* **WHAT NEEDS TO BE DONE**: Every line below that has the string "Engagement" adds one to the count. Give that count by itself.

━━━━

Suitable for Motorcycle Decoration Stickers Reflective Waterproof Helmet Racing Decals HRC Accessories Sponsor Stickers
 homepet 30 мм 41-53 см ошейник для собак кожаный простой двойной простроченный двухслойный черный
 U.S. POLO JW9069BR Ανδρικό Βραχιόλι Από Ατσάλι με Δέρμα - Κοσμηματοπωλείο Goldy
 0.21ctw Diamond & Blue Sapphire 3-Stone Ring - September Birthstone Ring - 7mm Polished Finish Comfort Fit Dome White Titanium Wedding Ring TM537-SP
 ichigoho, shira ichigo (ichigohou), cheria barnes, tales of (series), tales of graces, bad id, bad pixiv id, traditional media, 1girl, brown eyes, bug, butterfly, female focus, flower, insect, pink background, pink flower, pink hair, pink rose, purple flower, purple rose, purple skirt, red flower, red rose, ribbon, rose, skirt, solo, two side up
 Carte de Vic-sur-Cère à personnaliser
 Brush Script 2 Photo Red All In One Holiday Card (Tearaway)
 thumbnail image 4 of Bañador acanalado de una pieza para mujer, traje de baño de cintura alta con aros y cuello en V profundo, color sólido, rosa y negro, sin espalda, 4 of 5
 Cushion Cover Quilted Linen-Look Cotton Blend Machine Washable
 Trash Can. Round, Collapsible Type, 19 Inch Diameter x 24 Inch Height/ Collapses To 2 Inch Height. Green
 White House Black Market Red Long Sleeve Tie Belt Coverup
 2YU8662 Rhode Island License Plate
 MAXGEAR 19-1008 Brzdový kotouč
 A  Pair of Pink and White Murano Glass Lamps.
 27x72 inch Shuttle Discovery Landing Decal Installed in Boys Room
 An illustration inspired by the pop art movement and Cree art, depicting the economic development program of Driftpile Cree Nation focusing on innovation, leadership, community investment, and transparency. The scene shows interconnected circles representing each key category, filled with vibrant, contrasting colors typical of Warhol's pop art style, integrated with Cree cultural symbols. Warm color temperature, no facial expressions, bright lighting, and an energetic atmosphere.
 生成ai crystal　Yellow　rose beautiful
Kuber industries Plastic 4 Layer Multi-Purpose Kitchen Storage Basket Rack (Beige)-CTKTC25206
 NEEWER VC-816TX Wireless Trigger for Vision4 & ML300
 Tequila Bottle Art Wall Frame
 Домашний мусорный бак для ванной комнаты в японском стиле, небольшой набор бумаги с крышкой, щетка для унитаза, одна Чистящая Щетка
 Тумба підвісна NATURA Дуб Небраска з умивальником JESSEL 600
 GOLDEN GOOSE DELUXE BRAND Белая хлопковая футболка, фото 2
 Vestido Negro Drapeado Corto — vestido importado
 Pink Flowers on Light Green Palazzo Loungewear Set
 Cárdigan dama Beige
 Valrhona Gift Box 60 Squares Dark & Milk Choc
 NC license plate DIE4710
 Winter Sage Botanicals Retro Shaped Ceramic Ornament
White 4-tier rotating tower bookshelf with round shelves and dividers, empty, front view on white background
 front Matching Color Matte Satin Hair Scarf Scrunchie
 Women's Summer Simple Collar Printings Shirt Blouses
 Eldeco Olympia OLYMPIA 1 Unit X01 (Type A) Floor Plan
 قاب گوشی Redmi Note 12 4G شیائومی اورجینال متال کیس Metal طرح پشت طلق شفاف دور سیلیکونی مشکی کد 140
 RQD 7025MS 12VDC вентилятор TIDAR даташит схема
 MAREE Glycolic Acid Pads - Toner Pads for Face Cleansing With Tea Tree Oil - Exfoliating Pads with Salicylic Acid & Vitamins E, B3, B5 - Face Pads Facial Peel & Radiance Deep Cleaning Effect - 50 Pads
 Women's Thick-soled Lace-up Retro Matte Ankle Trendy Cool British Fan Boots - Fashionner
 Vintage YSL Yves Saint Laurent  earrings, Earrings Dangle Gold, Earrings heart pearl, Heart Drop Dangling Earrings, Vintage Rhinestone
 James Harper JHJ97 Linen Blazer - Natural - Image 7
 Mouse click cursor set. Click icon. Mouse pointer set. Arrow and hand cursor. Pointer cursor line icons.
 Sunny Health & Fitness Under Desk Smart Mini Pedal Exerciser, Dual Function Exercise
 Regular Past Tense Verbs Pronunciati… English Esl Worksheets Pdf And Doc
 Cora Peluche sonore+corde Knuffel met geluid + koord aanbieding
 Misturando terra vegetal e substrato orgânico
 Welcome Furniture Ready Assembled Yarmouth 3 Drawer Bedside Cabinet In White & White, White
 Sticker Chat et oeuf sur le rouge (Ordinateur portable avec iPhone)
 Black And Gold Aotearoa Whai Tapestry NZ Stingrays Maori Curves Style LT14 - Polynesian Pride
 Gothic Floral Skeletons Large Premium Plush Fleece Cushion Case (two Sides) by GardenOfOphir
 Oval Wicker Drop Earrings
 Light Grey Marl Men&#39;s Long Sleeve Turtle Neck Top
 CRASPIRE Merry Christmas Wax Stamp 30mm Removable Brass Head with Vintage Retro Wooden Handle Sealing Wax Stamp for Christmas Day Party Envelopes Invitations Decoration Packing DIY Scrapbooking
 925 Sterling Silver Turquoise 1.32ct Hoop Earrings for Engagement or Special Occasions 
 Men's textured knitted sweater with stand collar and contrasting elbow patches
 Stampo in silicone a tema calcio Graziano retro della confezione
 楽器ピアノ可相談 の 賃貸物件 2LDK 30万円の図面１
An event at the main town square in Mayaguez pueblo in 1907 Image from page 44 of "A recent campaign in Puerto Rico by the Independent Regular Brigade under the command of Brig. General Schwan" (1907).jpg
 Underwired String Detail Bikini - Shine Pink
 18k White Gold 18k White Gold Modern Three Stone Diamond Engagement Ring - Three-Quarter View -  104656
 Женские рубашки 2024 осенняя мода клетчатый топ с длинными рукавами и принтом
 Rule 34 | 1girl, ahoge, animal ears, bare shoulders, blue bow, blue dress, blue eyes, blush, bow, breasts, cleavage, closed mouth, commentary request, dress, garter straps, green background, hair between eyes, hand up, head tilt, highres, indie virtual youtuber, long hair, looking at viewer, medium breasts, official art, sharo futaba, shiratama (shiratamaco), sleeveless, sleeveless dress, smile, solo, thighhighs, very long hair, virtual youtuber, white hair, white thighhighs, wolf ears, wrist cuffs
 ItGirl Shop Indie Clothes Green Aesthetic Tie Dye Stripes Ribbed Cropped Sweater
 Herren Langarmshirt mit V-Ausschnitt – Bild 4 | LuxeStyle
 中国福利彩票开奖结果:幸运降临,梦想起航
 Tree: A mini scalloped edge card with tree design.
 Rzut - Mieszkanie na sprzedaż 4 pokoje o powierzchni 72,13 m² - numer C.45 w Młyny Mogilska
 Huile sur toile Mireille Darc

━━━━

* **RESPONSE AREA**: 2